→ **ASSIGNMENT**
Give the number of lines below that contain the string "Display", and no other text.

→ **SUPPLIED RECORDS**
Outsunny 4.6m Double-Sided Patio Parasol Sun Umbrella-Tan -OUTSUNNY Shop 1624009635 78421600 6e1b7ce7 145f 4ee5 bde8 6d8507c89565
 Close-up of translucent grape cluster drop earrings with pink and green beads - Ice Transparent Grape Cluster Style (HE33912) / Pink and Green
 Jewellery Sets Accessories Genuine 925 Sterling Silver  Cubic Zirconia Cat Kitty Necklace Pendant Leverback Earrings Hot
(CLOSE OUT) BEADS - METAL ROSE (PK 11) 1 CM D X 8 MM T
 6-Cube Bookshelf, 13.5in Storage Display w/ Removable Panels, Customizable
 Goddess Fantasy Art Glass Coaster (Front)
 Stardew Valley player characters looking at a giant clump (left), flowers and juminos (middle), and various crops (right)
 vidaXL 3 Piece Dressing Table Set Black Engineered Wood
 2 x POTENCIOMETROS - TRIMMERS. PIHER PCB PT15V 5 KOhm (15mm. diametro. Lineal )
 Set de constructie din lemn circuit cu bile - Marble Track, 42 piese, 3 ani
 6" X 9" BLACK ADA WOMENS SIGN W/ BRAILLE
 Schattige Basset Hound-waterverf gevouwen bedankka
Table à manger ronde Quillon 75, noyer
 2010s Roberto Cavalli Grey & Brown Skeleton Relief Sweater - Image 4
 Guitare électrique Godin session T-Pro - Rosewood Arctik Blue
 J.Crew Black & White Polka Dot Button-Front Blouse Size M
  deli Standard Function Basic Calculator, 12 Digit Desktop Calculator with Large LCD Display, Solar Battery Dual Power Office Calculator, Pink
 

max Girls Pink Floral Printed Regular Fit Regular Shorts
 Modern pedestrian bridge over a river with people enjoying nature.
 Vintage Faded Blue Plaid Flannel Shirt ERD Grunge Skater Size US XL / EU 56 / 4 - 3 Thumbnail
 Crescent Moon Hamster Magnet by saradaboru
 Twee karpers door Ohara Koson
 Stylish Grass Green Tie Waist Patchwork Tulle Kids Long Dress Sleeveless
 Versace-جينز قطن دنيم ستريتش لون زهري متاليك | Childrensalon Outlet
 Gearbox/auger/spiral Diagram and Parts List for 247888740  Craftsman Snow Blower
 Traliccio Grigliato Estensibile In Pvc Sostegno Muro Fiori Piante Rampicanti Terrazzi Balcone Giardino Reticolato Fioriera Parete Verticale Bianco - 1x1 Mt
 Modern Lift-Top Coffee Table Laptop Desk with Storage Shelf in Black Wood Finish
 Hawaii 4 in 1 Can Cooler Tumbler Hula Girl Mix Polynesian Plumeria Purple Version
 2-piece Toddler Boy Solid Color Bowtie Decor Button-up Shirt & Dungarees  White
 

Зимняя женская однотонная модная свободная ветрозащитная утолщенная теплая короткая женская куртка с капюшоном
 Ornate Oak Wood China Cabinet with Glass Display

→ **SOLVED PROBLEM**
3